Make no mistake about it: a business is more important than any one person. A successful business is truly the sum of its parts. It’s a collection of people all working together to form a cohesive whole, helping the business as an entity move forward into the future and accomplish the goals that it has outlined for itself at the same time. Finding the right people to fill the right positions is one important step towards achieving this environment, but it is exactly that – one part. An element that is just as important (but one that far too many business owners fail to pay attention to until it’s far too late) comes from the idea that your employees also have to actually enjoy working with one another if your business is going to succeed the way you want it to.
The Business Consequences of Employees That Don’t Like Each Other
When your employees don’t like one another, it creates a situation where they become disengaged from their environment. This is true regardless of the type of industry that you’re operating in. When employee engagement suffers, nearly every other aspect of your enterprise will as well. Productivity begins to decline. The high level of customer service that you’ve become known for disappears. The individual goals of team members are no longer aligned with the larger corporate goals of your business.
In essence, the entire machine begins to break down. Think of your employees as the engine on a car. Each element is important in its own right, but they’re all working together to act as the force that propels the car forward. When they stop working together, the car doesn’t move – which is exactly what can happen if your employees don’t like each other and if this trend shows no signs of reversing itself anytime soon.
Ways to Improve Employee Relations
Team building exercises like business retreats aren’t just a great way to make sure that you’re working with a team of high-quality employees – it’s also a great opportunity to guarantee that these are high-quality people at the exact same time. Hosting regular events after work with the express intention of increasing relations and improving morale is the type of decision that will pay dividends for years to come.
Employees will begin to get more comfortable with one another and will develop the type of rapport that your business will thrive on. It creates the type of business where employees don’t just take pride in their own work, but in the work of everyone else, too. People want to see each other succeed, making them truly invested in the process. This creates the type of situation where the larger idea of your business benefits as a result.
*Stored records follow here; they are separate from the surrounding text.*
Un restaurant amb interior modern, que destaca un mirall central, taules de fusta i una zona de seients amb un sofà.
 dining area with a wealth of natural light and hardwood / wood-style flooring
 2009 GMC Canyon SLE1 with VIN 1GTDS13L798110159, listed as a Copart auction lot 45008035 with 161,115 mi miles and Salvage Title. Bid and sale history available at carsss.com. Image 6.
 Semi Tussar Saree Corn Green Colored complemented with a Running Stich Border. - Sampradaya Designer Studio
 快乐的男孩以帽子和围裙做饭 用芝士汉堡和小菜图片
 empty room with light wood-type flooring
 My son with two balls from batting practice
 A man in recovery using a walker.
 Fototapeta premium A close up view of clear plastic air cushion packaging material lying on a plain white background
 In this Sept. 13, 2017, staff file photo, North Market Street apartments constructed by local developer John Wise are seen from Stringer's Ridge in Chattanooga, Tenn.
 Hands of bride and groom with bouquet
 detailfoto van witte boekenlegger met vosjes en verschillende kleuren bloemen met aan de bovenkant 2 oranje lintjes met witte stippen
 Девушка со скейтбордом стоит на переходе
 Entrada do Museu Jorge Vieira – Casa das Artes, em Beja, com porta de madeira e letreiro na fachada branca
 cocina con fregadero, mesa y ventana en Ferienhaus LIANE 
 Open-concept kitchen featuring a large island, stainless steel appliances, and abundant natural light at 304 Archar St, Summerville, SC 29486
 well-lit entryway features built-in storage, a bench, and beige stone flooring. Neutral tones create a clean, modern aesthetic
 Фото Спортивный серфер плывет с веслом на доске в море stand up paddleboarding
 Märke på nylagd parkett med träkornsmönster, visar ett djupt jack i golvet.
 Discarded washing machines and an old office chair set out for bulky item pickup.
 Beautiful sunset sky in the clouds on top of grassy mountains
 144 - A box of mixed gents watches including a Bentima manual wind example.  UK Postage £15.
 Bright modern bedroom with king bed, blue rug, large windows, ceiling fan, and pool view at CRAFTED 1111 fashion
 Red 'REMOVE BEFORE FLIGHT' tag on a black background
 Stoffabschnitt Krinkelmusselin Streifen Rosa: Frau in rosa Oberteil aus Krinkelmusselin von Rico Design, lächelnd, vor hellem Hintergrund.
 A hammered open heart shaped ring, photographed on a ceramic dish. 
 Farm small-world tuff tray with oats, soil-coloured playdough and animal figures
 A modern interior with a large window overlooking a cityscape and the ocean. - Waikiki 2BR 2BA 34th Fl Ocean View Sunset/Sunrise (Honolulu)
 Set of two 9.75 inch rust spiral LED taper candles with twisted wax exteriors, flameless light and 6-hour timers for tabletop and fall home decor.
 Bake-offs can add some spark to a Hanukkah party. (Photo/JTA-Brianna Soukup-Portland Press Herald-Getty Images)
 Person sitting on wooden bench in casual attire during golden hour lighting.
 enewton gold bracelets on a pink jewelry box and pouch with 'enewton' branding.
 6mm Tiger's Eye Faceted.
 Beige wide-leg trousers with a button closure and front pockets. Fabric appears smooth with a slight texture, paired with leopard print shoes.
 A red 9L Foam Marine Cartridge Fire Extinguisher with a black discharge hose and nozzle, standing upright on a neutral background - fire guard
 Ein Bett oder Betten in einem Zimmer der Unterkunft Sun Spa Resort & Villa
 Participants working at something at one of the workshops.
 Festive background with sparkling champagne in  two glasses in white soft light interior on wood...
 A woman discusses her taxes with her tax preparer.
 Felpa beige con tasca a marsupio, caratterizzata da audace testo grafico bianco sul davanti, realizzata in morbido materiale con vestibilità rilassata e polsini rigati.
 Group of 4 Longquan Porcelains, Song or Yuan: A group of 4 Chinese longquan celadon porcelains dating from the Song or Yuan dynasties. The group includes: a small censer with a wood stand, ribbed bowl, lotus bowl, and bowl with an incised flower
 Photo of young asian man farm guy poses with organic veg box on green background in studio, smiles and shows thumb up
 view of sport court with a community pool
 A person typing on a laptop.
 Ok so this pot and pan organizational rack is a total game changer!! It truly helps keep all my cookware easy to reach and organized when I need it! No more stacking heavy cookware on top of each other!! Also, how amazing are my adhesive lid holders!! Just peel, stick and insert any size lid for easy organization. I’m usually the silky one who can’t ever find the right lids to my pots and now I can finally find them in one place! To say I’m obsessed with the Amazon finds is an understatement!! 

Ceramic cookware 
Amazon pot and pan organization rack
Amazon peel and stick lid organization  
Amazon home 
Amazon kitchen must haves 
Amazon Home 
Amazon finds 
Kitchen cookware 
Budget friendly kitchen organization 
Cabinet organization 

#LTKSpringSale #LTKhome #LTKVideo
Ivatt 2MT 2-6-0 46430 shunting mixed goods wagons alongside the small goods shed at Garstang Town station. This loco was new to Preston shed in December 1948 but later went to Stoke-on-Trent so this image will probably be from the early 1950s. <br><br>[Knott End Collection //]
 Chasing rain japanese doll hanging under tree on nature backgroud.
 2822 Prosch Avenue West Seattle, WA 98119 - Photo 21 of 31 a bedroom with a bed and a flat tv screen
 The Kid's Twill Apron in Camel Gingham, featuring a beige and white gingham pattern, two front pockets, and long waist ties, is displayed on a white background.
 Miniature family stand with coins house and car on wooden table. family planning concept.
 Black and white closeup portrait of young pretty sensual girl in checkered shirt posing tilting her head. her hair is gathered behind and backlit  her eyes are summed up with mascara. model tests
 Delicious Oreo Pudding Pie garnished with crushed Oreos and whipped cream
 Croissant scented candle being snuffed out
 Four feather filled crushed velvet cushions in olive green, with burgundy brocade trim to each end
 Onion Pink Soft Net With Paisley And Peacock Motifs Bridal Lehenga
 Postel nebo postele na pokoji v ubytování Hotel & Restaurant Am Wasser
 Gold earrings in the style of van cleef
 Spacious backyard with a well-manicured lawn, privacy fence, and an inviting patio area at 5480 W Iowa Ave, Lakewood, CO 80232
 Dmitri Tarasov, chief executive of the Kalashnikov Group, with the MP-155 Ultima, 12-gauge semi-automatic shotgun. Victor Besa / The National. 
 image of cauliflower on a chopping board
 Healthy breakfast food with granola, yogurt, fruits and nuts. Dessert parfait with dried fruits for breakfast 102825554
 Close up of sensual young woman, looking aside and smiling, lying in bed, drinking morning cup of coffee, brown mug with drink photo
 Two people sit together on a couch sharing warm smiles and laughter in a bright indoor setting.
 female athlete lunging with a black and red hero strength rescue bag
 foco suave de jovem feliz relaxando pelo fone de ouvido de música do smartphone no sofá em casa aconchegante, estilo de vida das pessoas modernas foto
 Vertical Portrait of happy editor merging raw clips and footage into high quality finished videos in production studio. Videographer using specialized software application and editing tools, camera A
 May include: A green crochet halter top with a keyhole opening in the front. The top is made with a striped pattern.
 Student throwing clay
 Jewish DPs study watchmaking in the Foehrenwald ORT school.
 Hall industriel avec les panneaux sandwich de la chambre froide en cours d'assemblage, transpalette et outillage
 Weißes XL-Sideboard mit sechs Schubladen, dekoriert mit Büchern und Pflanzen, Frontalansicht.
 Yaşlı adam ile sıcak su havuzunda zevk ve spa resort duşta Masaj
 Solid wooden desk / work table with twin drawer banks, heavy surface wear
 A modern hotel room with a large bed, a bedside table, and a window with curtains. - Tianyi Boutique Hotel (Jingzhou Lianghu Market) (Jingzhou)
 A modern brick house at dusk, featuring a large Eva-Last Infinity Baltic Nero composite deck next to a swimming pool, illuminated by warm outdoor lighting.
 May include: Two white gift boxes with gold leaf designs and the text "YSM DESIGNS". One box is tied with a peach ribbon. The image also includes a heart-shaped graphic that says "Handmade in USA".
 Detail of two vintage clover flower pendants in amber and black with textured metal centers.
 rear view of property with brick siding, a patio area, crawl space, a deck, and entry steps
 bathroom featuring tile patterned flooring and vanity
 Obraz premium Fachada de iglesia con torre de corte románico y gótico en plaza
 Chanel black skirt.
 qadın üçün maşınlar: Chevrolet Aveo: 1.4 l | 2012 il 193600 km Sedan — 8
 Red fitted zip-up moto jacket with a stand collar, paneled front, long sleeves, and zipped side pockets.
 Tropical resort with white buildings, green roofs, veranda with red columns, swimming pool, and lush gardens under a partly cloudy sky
These are just a few of the reasons why it is so important to make sure that your employees actually like each other. A (cheesy) old saying tells us that "there is no ‘I’ in ‘team’" – in the world of business, this is very much true. Employees that like each other not only as companions but as people are more willing to help each other when times get tough. They don’t just think about themselves – they think about themselves in the context of a much larger whole. They think about success less in terms of their own careers and more in terms of your business. Talented employees who don’t like the environment that they’re in because of their co-workers essentially accomplish the exact opposite.